Он задаёт вопросы себе и читателям и выжидает паузу, чтобы ответ дала сама ткань романа. Это большое искусство. Моцарт говорил, что музыка не в нотах, а в тишине межу ними, музыка Куприянова часто в этих паузах, в этих вопросах, ответы на которые ещё не даны, но весь роман подталкивает к тому, чтобы это произошло. Так, анализируя тот факт, что Виктор Ерофеев включил в «Цветы зла» повесть Виктора Астафьева, Куприянов предаётся воспоминаниям о Викторе Петровиче, которого лично знал, задаётся горькими вопросами о его судьбе, о времени, о «пражской весне», вспоминает знаменитую историю о потерянной в такси рукописи своей первой повести, благословлённой Астафьевым. Эта сияющая стилистика позволяет переходить с одной темы на другую, поскольку Куприянов старается следовать течению мысли, осознавая её прихотливость и неожиданность. Его размышления доходят буквально до всего, от анализа современной прозы до того, какие странные фамилии бывают у людей. В плотную вязь его речи вплетаются слова из разных лексических пластов, но он умеет с этим справляться, выплавляя новую органику. Я всегда настаивал, что выбор материала – важнейшее умение писателя. Куприянов только на первый взгляд составляет своё блюдо из неконтролируемого количества ингредиентов, отбор на самом деле очень жёсткий. И этот отбор многообразный, он и из его богатой на события жизни (чего стоит эпизод о встрече с Борисом Панкиным в Лондоне), и из рассуждений, где на бумагу попадает только то, что выстрадано.

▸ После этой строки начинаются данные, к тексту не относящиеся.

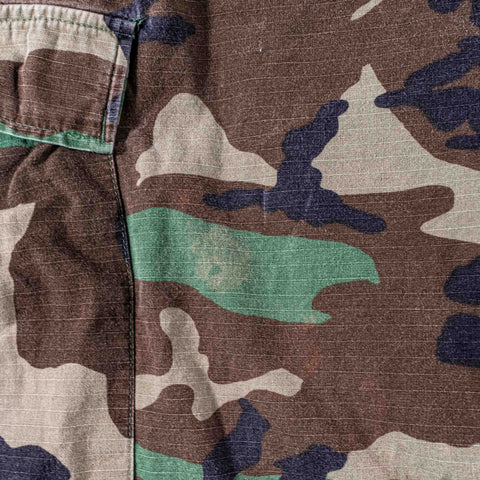 Propper Woodland Camo Pants Joggers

Куприянов умет рассказывать о значимых людях для России, благо жизнь подарила ему много встреч с ними. Он задаётся вопросом о связи поколений, он с тоской говорит о первой любви, он остро ощущает, как земное время нарастает в нём. И мёртвые, и живые для него равные участники его духовной жизни, он умеет вывести человека вроде бы незаметного, таков Адольф Лупейкин из его детства, но выделить такие его черты, что невозможно забыть. Его любовь и внимание к подзабытому ныне в России Анатолию Кузнецову, автору «Бабьего Яра», достойна уважения и восхищения. Он строг к себе, требователен к тем, кто подаёт надежды, снисходителен к чужим слабостям, понимая, что слабость – часть силы. Мне радостно, что не забывает он вспомнить и Дмитрия Бакина, одного из лучших русских писателей. Эта книга многофункциональна. Она для тех, кто любит Россию во всей её полноте, для тех, кто рождается с мыслью, что Родина много больше его самого и будет всегда, а ты лишь точка в пространстве. «Гамбургский симпатяга» – так любил подписывать открытки отец главного героя, рассказчика, Александра Куприянова. Для капитана, жившего в Приамурье и никогда не ходившего в порты Европы, это необычно. Возможно, гамбургский симпатяга для Куприянова стал гамбургским счётом. И он по этому счёту отвечает без недоплат.